World Bulletin / News Desk
Germany’s anti-Islam PEGIDA movement has said it will hold a major rally in Dresden on Sunday.
The right-populist group usually holds rallies every Monday, but organizers said their intention with changing the date was to prevent clashes with opponents and left-wing protestors, who also called for rallies on Monday.
“We will make an exception and will meet on Sunday this time for our 13th rally,” the group said on its official Facebook page Friday.
The Patriotic Europeans Against Islamization of the West group started weekly protests in Dresden with about 500 demonstrators on Oct. 20, 2014, but significantly increased its support base within three months.
More than 25,000 people took to the streets in Dresden on Jan. 12 in the aftermath of the terrorist attack on Charlie Hebdo magazine in Paris.
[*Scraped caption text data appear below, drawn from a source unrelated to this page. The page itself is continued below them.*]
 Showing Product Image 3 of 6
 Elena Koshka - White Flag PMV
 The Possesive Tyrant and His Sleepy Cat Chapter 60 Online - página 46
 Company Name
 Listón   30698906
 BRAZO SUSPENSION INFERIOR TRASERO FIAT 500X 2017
PEGIDA organizers said they were expecting around 25,000 protestors to join Sunday’s rally in Dresden, which is seen as a key test for the right-populist movement amid growing skepticism among the German public about the group's actions.
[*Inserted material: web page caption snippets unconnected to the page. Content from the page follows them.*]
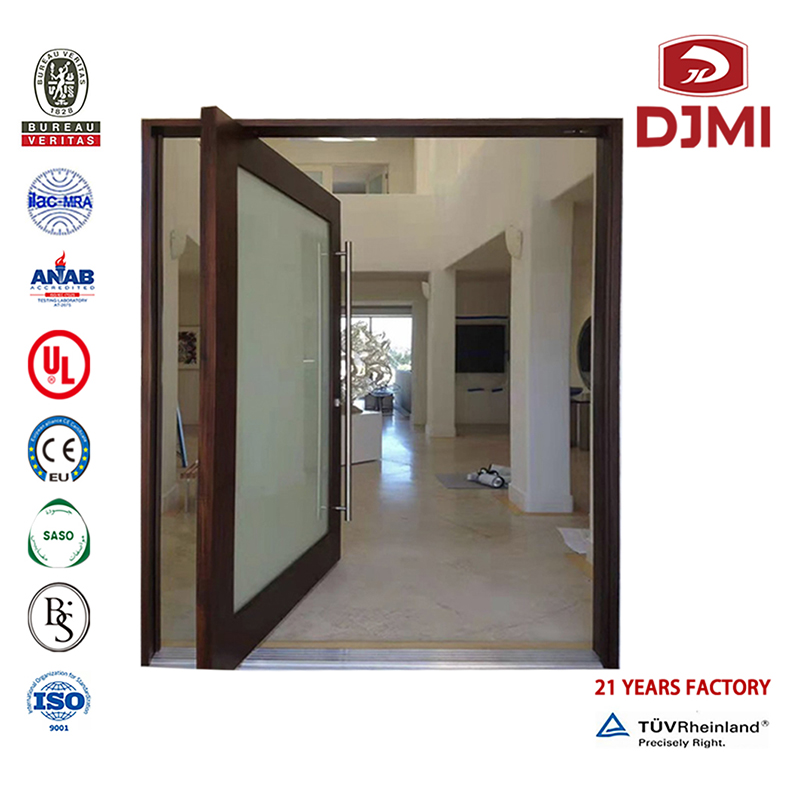 Kiểu rẻ tiền cho mái nhà tân họa, cửa phụ bếp Thiết kế gỗ, may mắn thiết kế căn bản gỗ, cửa ra cửa sổ loại gỗ, cửa ra ngoài, cửa ra vào, cửa gỗ, cửa ra vào đẹp đôi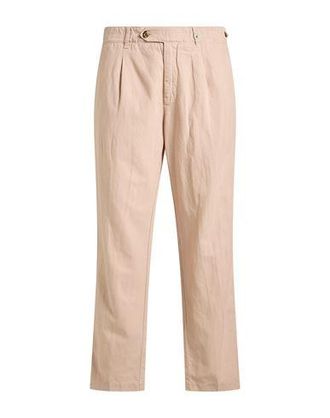 Myths BOTTOMWEAR - Trousers sur YOOX.COM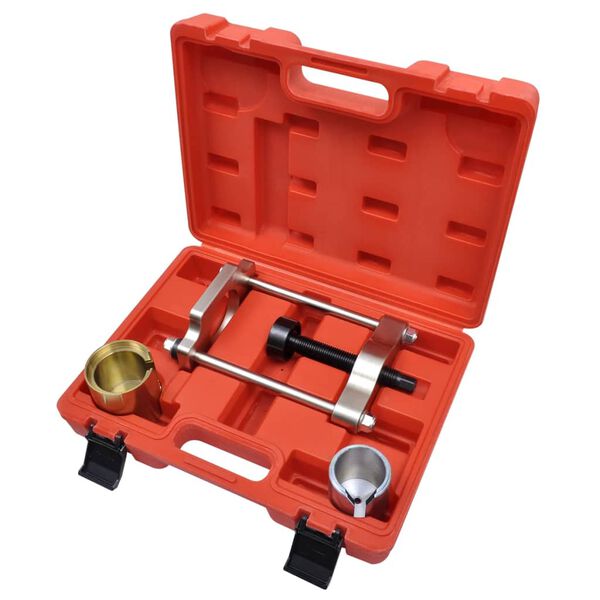 Productafbeelding 1 van 4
A rally organized on Jan. 21 by a PEGIDA sister-group in Leipzig drew less than 1,000 protestors, far less than PEGIDA’s estimates, which claimed that more than 30,000 people would attend the event.
Recent scandals surrounding PEGIDA leaders, disagreements with associated groups in other cities, as well as violent attacks against journalists during the rally in Leipzig, have raised suspicions about the group.